Importantly, compared with previous studies [11–13], we developed a simple-to-use prognostic nomogram containing 6 factors that were easily accessible in actual clinical application, which predicted the one-year mortality of ESRD patients with HD in China. And this nomogram was helpful to identify the patients with a high mortality, which may help clinicians develop individualized treatment regimens and improve timely implement interventions. In recent years, some prediction models have been proposed in the prognosis of diseases. For example, Siddiqa M, et al, developed and externally validated prediction model for the survival of HD patients in Pakistan, however, they selected chronic kidney disease patients [11]. Fukuma, et al, developed a risk prediction model for predicting loss of physical function among elderly HD patients [12]. Schamroth Pravda, et al, reported the CHA2DS2-VASc (congestive heart failure, hypertension, age ≥75 years, diabetes, prior stroke, vascular disease, age 65–74 years, and sex [female] category) score was strongly related to adverse outcomes for ESRD patients within the first year of HD [13]. However, these studies only considered chronic kidney disease patients with HD, or elderly hemodialysis patients. Still, to date, few studies focused on the biochemical indicators of liver and kidney function to construct a prediction model associated with one-year mortality for ESRD patients receiving HD in China. Our nomogram was established based on age and levels of 5 commonly biochemical indicators, suggesting the practicality and convenience. Additionally, it should be noted that the developed nomogram was also validated in different subgroup population in this study, and it seems that the established nomogram may be more suitable for patients who was male, had a primary disease of chronic glomerulonephritis, had not the history of comorbidities.

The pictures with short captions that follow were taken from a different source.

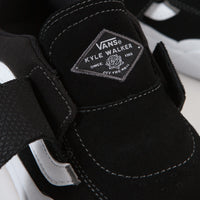 Vans Kyle Pro 2 Shoes - Black / White thumbnail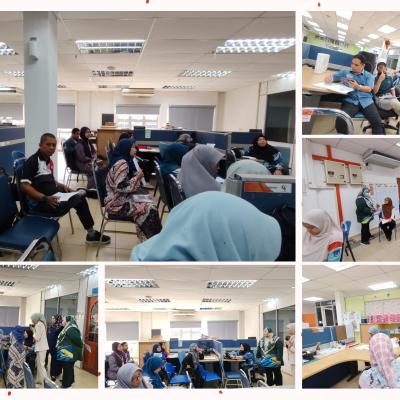KURSUS PEMBELAJARAN USER TRAINING PENGGUNAAN TELEFON BAHARU BERSAMA TELEKOM SDN BHD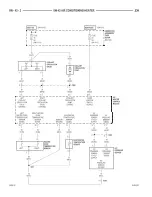 Предварительный просмотр 1738 страницы Chrysler 2005 Crossfire SRT6 Service Manual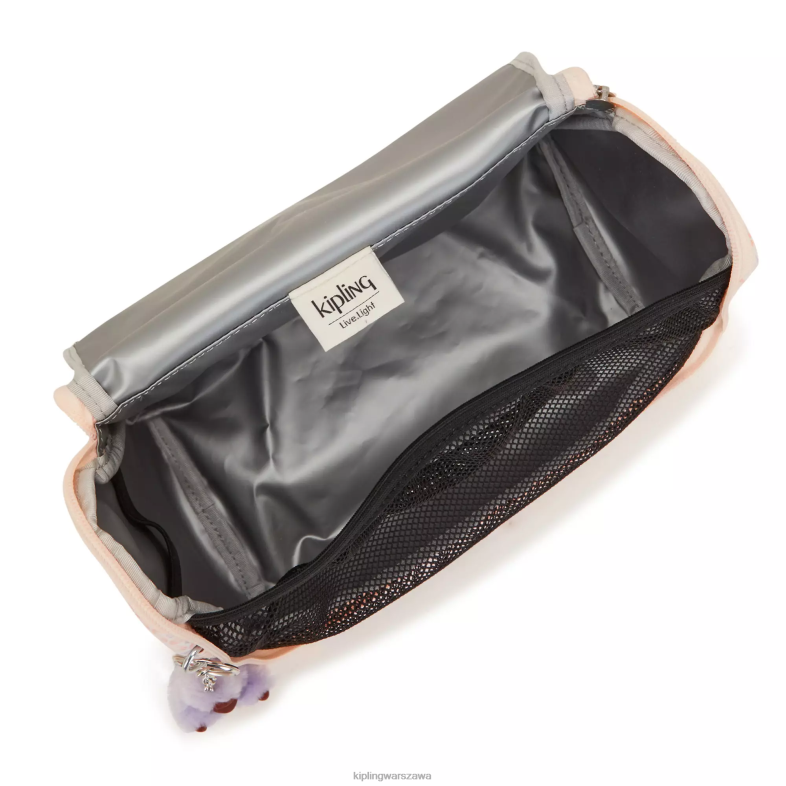 Kipling dziewczęca płytka dla obu płci nowa torba na lunch z nadrukiem kichirou PXR6L640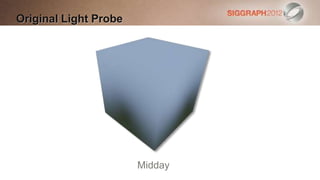 Original Light Probe




                       Midday
 
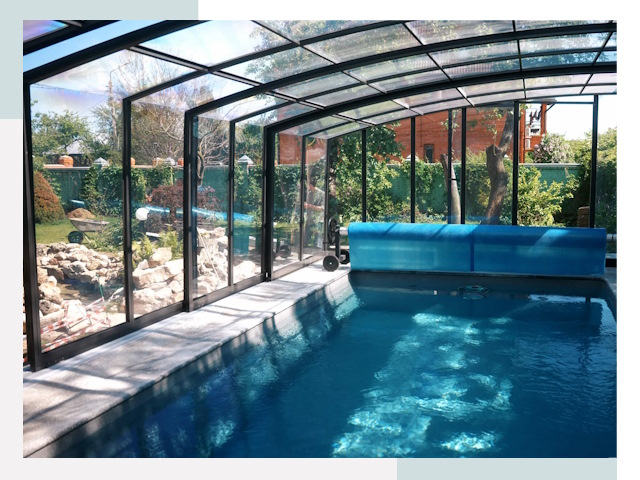 Строительство крытых бассейнов от СтальСтрой-Тмс - цена от 656 руб.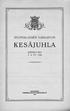 SUOMALAISEN NAISLIITON KESÄJUHLA JOENSUUSSA 4-5. VII. 1928. JOENSUUSSA POHJOIS-KARJALAN KIRJAPAINO 1928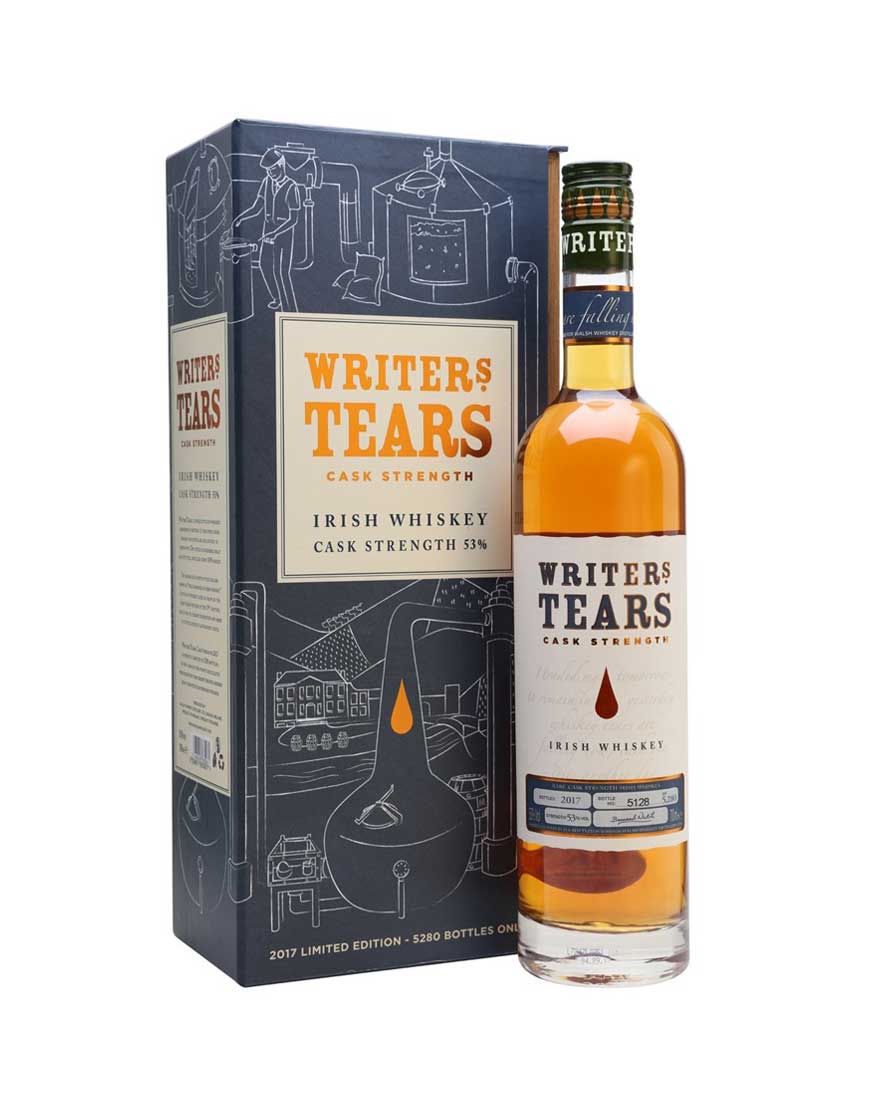Writers Tears Limited Edition 2016 Cask Strength Irish Whiskey 700mL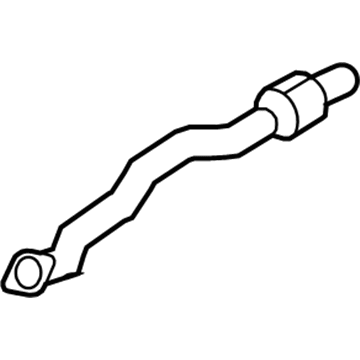 BMW 18307576343 Catalytic Converter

However, the limitations of our study cannot be ignored. Firstly, this was a single center in China with a relatively small sample size, which limits the applicability of the nomogram to other populations. Secondly, the information about nutritional status, living conditions, infections, poorly controlled secondary hyperparathyroidism cognitive impairment and sarcopenia of patients might be associated with mortality among ESRD patients on HD, were not recorded in the study. Thirdly, although the findings showed that the nomogram may have a good predictive performance, internal and external validation was absent due to the limited sample size. Thus, the results should be prudently interpreted. More large-sample cohort studies will further evaluate the predictive value of the developed nomogram in the future. Lastly, this nomogram by using traditional Cox regression was developed to assess one-year mortality among ESRD patients receiving HD. In the future, we will consider to adopt the machine learning method to simplify the prediction model and improving the predictive ability.

Conclusions

In conclusion, this study showed that age, higher levels of AKP, TBIL, hs-CRP and lower levels of ALB, CysC were associated with increased mortality for ESRD patients receiving HD, which were consistent with previous studies. It is important that we developed an easy-to-use nomogram for predicting the one-year mortality for ESRD patients receiving HD. The developed nomogram is a simple tool to identify patients with a high mortality, which may help clinicians develop individualized treatment regimens and improve the prognosis of patients, but validation is needed by more large-sample cohort studies in the future.